- _Your instructions_: For the records below, tally every line that has the word "Women" and reply with the number alone.

- _Exercise input_:
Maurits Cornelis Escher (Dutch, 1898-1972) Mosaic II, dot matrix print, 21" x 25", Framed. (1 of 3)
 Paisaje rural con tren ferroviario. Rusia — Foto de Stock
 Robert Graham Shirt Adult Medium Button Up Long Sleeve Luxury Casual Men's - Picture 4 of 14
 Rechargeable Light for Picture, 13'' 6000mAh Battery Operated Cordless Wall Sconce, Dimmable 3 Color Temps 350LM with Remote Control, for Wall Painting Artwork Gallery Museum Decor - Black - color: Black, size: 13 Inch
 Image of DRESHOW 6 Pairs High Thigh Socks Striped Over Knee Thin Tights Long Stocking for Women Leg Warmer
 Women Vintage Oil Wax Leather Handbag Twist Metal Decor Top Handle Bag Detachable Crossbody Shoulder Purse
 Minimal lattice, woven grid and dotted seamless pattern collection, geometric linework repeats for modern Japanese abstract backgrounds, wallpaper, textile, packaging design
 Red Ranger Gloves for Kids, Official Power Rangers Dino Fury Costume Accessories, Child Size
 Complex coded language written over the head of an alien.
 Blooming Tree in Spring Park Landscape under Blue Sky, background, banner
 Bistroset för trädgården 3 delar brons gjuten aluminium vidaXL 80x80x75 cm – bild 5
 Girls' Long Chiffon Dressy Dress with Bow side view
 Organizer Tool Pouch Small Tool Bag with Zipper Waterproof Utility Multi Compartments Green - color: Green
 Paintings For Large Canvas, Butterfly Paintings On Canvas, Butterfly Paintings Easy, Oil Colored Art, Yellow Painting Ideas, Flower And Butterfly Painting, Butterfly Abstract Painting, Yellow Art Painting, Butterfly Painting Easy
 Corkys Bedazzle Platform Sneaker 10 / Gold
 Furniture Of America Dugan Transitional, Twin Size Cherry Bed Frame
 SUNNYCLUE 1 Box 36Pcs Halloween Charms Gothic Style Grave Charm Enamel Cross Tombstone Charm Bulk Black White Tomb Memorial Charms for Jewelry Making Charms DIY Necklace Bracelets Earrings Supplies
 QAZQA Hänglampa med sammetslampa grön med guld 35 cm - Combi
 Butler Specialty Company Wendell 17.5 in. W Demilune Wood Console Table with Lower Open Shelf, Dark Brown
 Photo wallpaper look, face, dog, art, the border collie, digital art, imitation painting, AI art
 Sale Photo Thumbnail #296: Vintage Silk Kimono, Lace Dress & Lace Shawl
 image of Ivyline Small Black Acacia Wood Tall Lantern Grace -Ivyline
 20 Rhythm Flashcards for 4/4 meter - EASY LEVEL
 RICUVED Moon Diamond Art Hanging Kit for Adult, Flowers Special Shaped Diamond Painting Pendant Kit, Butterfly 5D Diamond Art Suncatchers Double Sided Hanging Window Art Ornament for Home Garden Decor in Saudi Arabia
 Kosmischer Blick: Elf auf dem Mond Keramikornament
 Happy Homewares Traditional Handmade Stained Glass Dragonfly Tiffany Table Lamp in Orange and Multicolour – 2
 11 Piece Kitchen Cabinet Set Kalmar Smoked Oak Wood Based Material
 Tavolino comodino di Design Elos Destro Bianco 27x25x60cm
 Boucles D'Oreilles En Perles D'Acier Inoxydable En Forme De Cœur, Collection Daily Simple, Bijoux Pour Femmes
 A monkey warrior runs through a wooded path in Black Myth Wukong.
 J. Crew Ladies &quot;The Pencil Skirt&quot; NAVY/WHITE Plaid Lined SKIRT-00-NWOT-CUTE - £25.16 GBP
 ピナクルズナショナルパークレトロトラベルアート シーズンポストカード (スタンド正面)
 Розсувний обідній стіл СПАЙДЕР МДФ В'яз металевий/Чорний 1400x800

- _Solution_: 2